Babs bleef staan. Bert de Jong ook. Ze trachtte naar een vlotte, ongedwongen conversatie.
‘En hoe vindt U het stuk, meneer de Jong.?’
‘Dat gaat best. Ik heb wel genoten.’
‘Ja, ik ook. 't Is heel aardig. Komt U vaak in de schouwburg?’
‘Ja, tamelijk geregeld. Ik zei U toch laatst, dat ik veel van comedie houd.’
‘O ja, dat is waar ook,’ zei Babs. Ze dacht: ‘Vooruit maar, hij zal nog wel meer monsterlijke dingen zeggen.’
‘En zit U altijd op dezelfde plaats?’ brachten Babs lamgeslagen hersenen voort. ‘Aanstonds vraag ik hem, of hij zich elke dag scheert,’ kreet het in haar.
Bert de Jong keek lichtelijk verwonderd.
‘Nee, och nee. Ik zit dan eens hier, en dan eens daar. Net, naar het uitkomt. U hebt zeker van waar U zit een prachtige kijk op het tooneel.’
‘Een beeld van een kijk,’ zei Babs. ‘Ja, we zitten prachtig. O ja, we zitten heel mooi.’ Zoo werden menschen krankzinnig, ze voelde het. ‘Ja, we zitten buitengewoon mooi,’ herhaalde ze nog ten overvloede. De
| |
| |
eerste bel, o zegen der zegeningen, wat moest ze meer zeggen. Ze hoorde de vraag al dreigen: ‘En scheert U zich elke dag meneer de Jong?’ Binnen vijf minuten zou ze weggevoerd worden, in een dwangbuis gesloten - en naar Harry durfde ze heelemaal niet kijken. O, daar was gelukkig weer een conversatiezin.
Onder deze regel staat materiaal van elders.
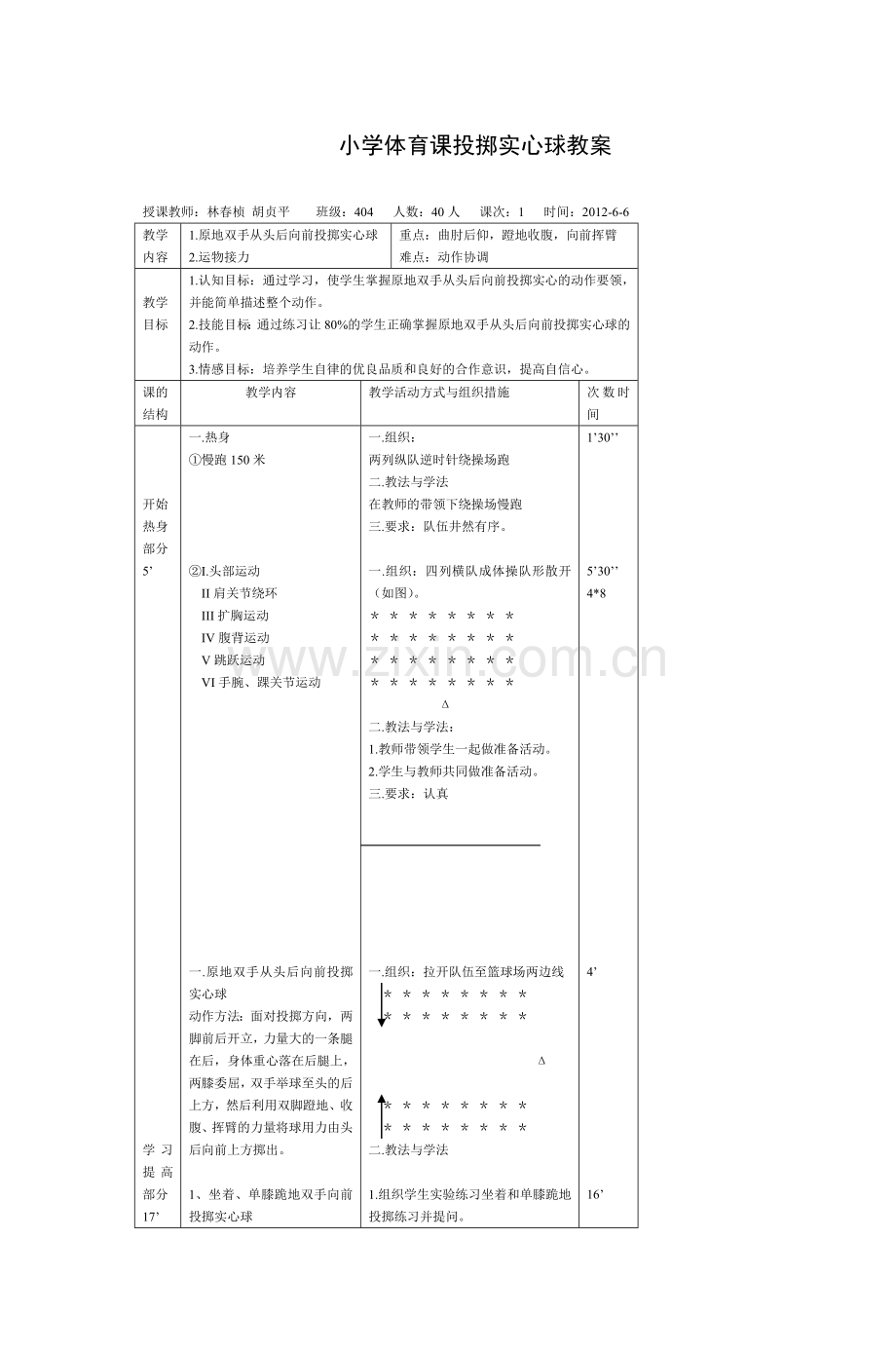 小学体育课投掷实心球教案.doc_第1页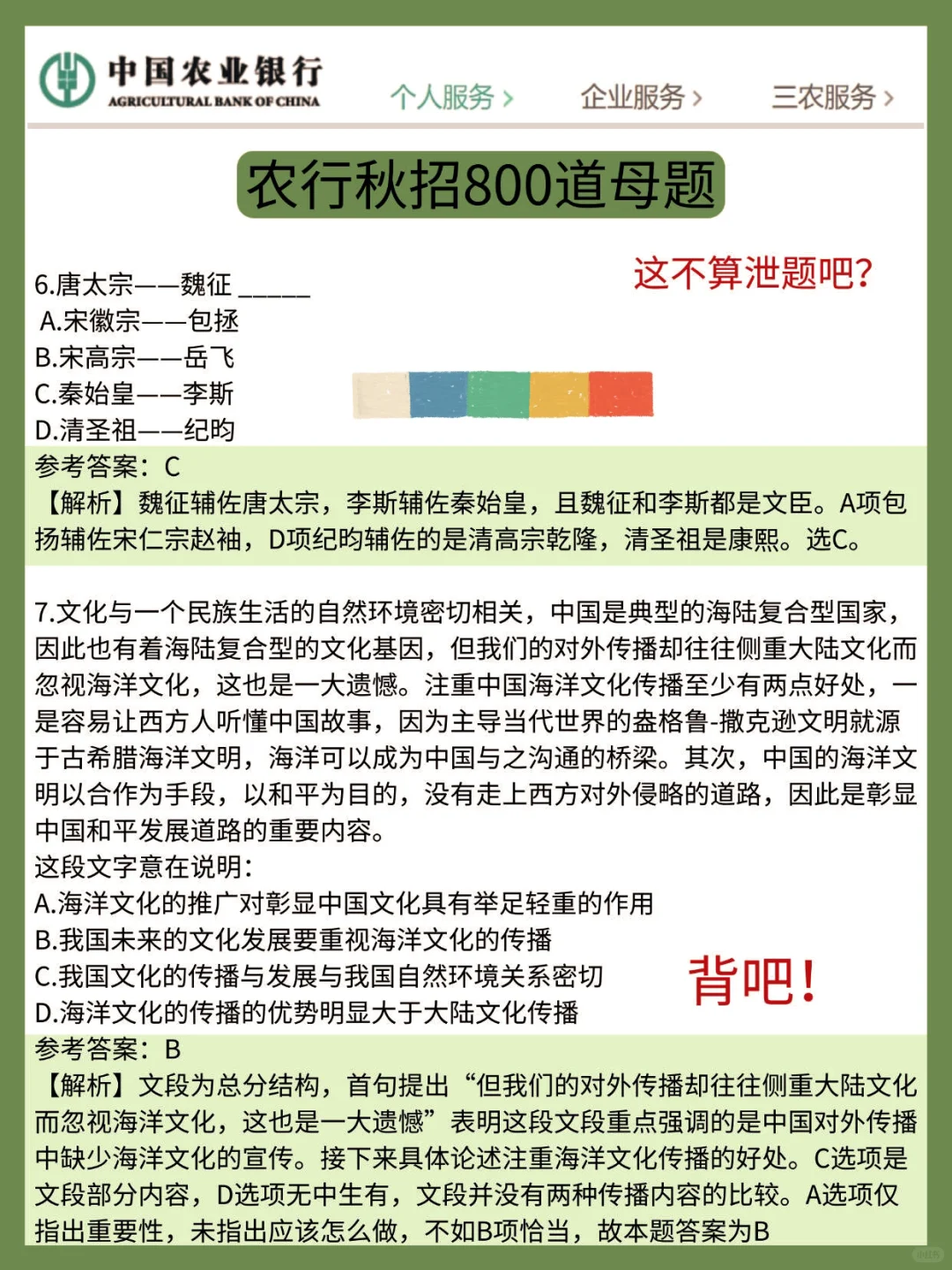 农行秋招保大争小（进面版）！！！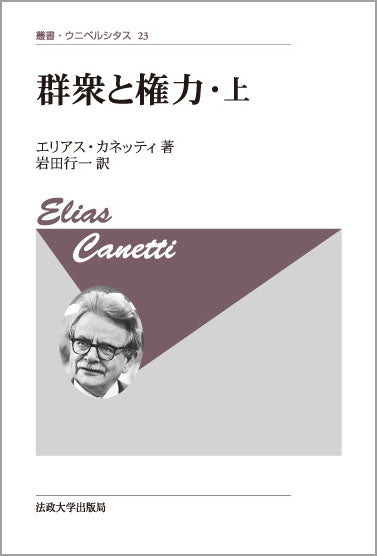 群衆と権力・上　〈新装版〉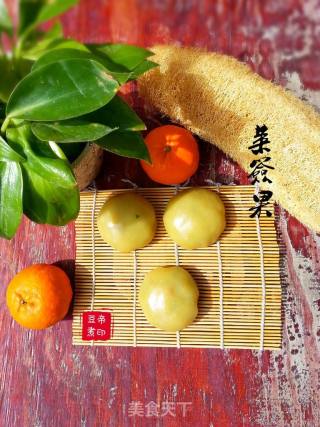 菜签粿的做法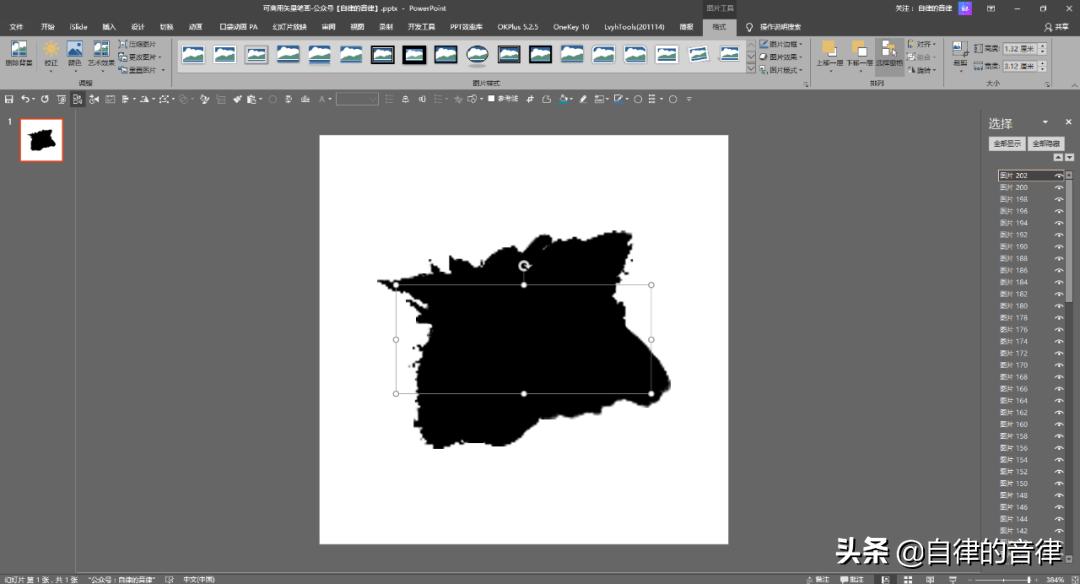 怎么制作ppt里的构图架构图等,如何制作ppt高级感模板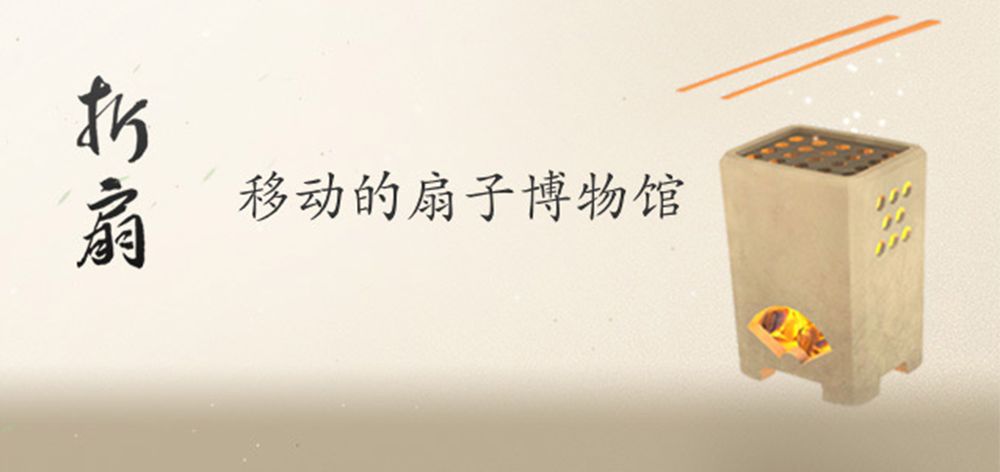折扇软件封面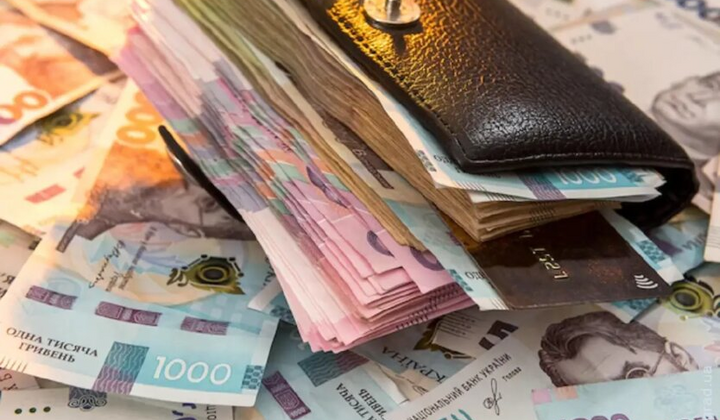 Нова гривня. Купюра 500 гривень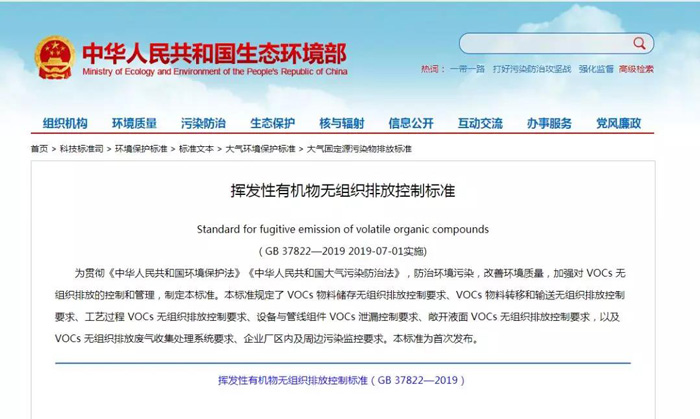 《揮（huī）發性有機物無組織排放控製標準》2019年7月1日正式實施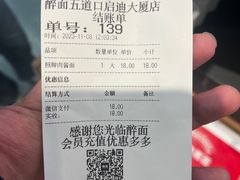 -醉面(五道口启迪大厦店)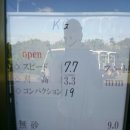 니어컨트리 이미지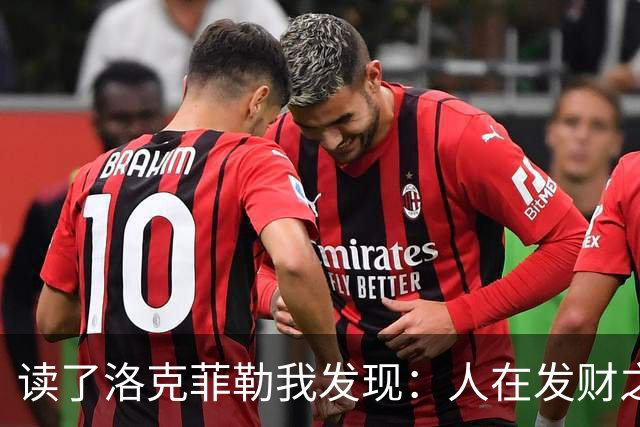 读了洛克菲勒我发现：人在发财之前，一定要舍弃这3样东西
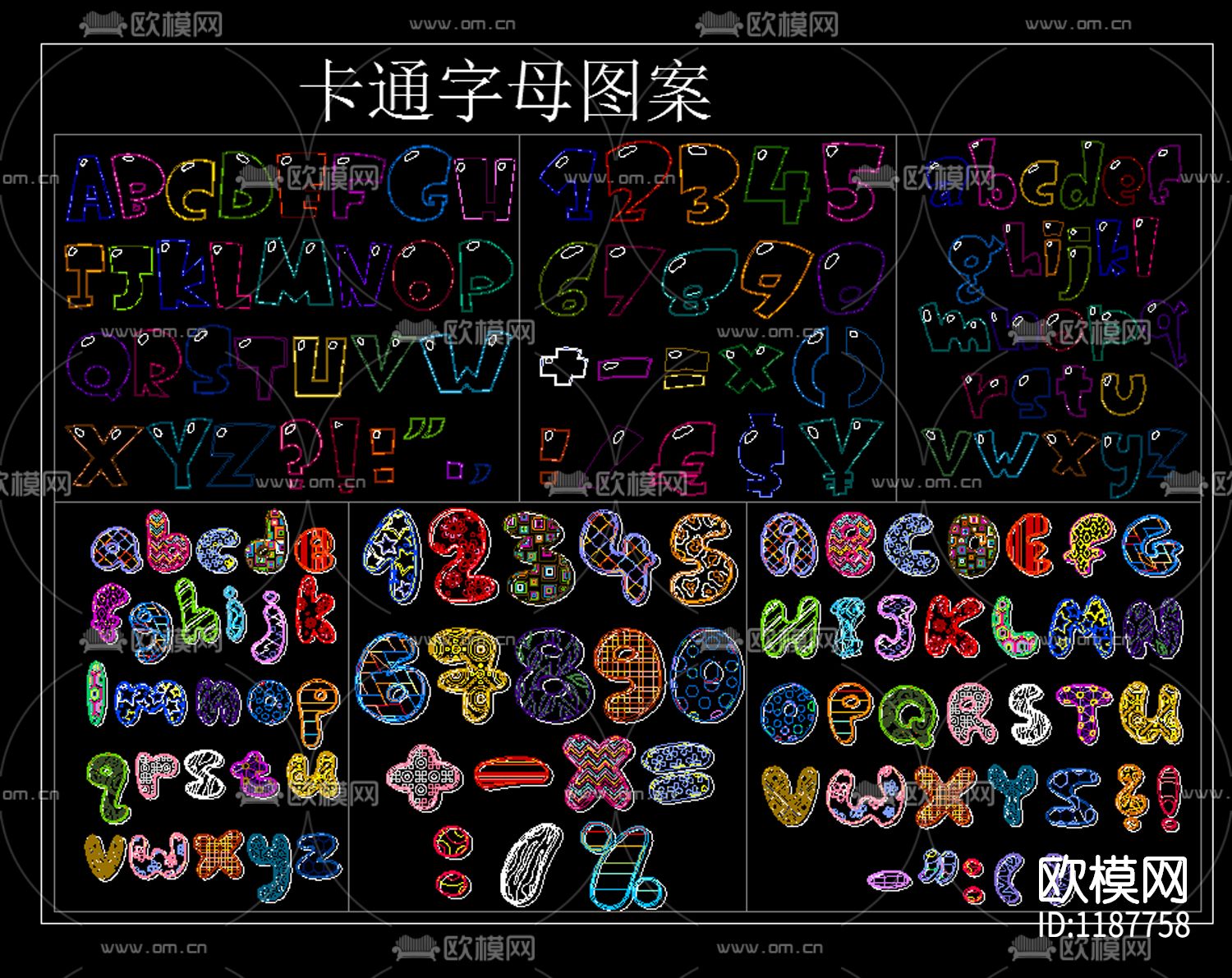 卡通字母图案 CAD图库下载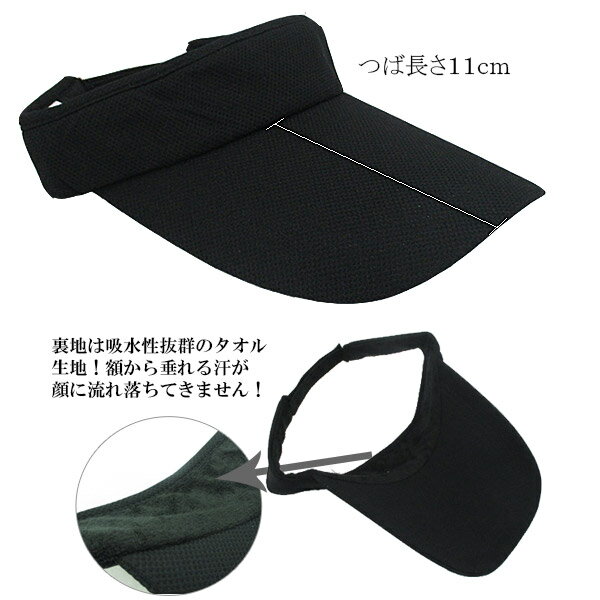 ����Х����� ��ǥ����� ���ݡ��� ˹�� ��� ����ץ� ̵�� �ƥ˥� ����� ���˥󥰥���å� ®�� UV���å� ���褱 �糰���ɻ� SUNVISOR CAP 5531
‘'t Was een mooie dag vandaag, vond U ook niet?’
‘Ja,’ zei Babs gretig, ‘een snoes van een dag. 't Was bijna warm buiten hè? Ik bedoel - ja, 't was erg mooi weer.’
‘Ze is verlegen,’ dacht Bert de Jong verteederd. ‘Ik had nooit kunnen denken, dat ze verlegen voor mij zou zijn.’ Hij wilde haar wel mannelijk beschermen.
‘Als het morgen nu ook maar zulk mooi weer is, als U bij mij komt,’ klaroende zijn stem. Babs wenschte, dat de vloer van de foyer zich opende om haar te verzwelgen, of dat de palm achter haar van zijn voetstuk zou vallen om haar te verpletteren.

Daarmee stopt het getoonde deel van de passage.